NCSC urges Brits to avoid most hacked passwords

NCSC cyber survey exposes gaps in online securityImage: NCSC cyber survey exposes gaps in online security. Photo: courtesy of joffi/Pixabay.

The UK National Cyber Security Centre (NCSC) revealed that a huge number of Brits use rather too simple passwords such as simple numbers or their favourite Premier League football team names among others that are highly prone to be hacked.

Through its first ever ‘UK cyber survey’, the agency found out that 42% of Brits are concerned of losing their money to online fraud. It claimed that less than half of the users do not always use a strong, separate password for their primary email account.

According to the agency’s survey, only 15% of users said that they know a great deal about how to guard themselves from harmful cyber activity.

The survey found that 89% use the internet for online purchases, with 39% of them making them on a weekly basis.

It was found that one in three users depends to some extent on friends and family for help regarding cyber security, while young users have been shown to be more probable to be privacy conscious and careful of what details they share through the internet.

NCSC said that 61% of internet users track social media daily. However, 21% of the users said that they never look at social media.

In the survey, the agency came to know that 70% of the users always use PINs and passwords for their smart phones and tablets.

NCSC believes that the results of the UK Cyber Survey showed exploitable gaps in the personal security knowledge of the users.

For instance, the agency said that breach analysis found that 23.2 million victim accounts across the world had 123456 as their passwords.

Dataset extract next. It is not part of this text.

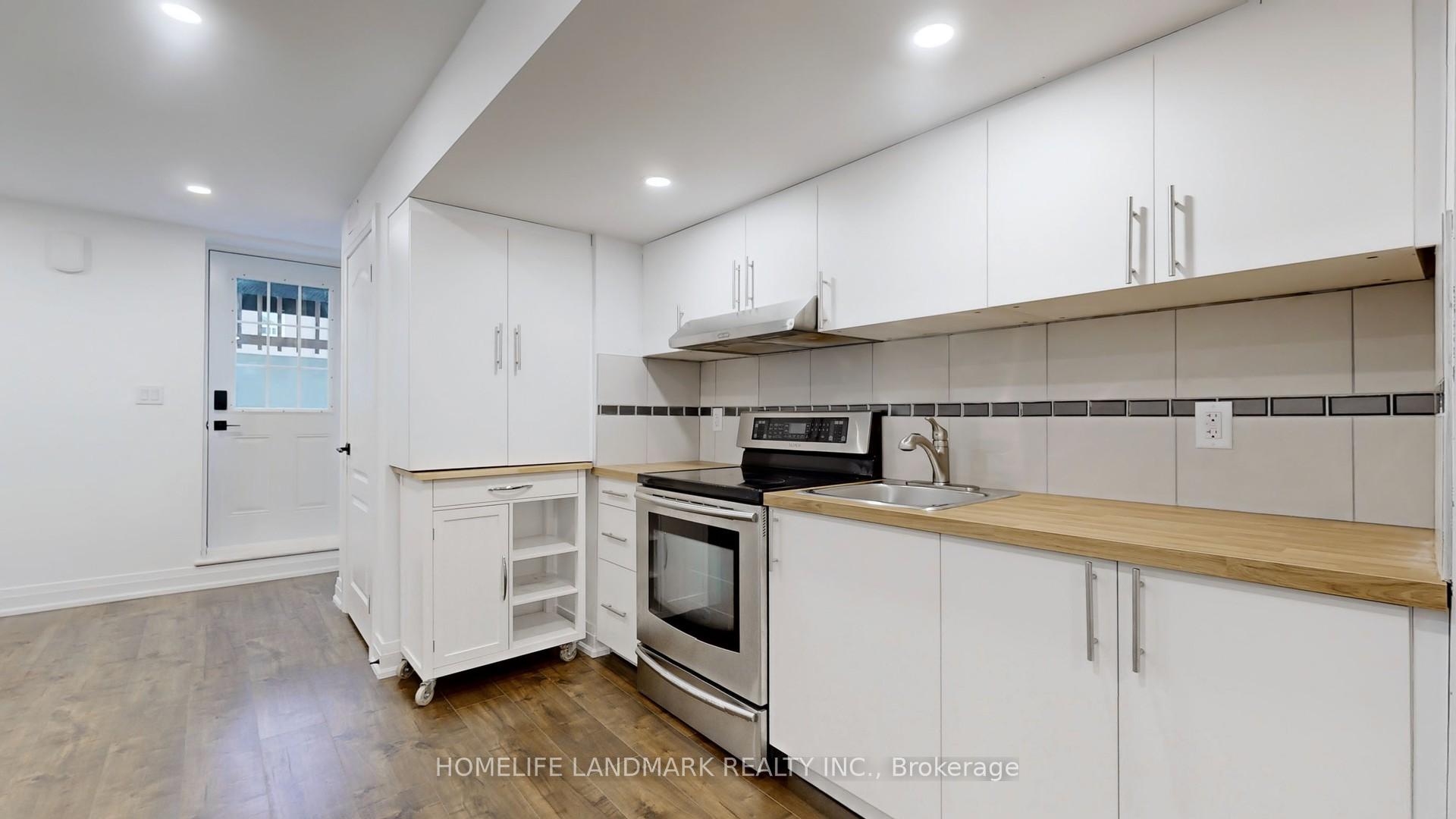 Photo 4 of Unit Unit 2, 1661 Mount Albert Road, East Gwillimbury, Sharon — HOMEH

Having published the global password risk list to reveal passwords already known to hackers, NCSC has urged Brits to undertake measures to stay safe online.

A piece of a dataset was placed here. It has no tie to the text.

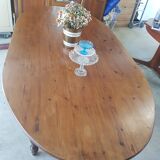 Oval farm table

NCSC Technical Director Dr Ian Levy said: “We understand that cyber security can feel daunting to a lot of people, but the NCSC has published lots of easily applicable advice to make you much less vulnerable.

“Password re-use is a major risk that can be avoided – nobody should protect sensitive data with something that can be guessed, like their first name, local football team or favourite band.

“Using hard-to-guess passwords is a strong first step and we recommend combining three random but memorable words. Be creative and use words memorable to you, so people can’t guess your password.”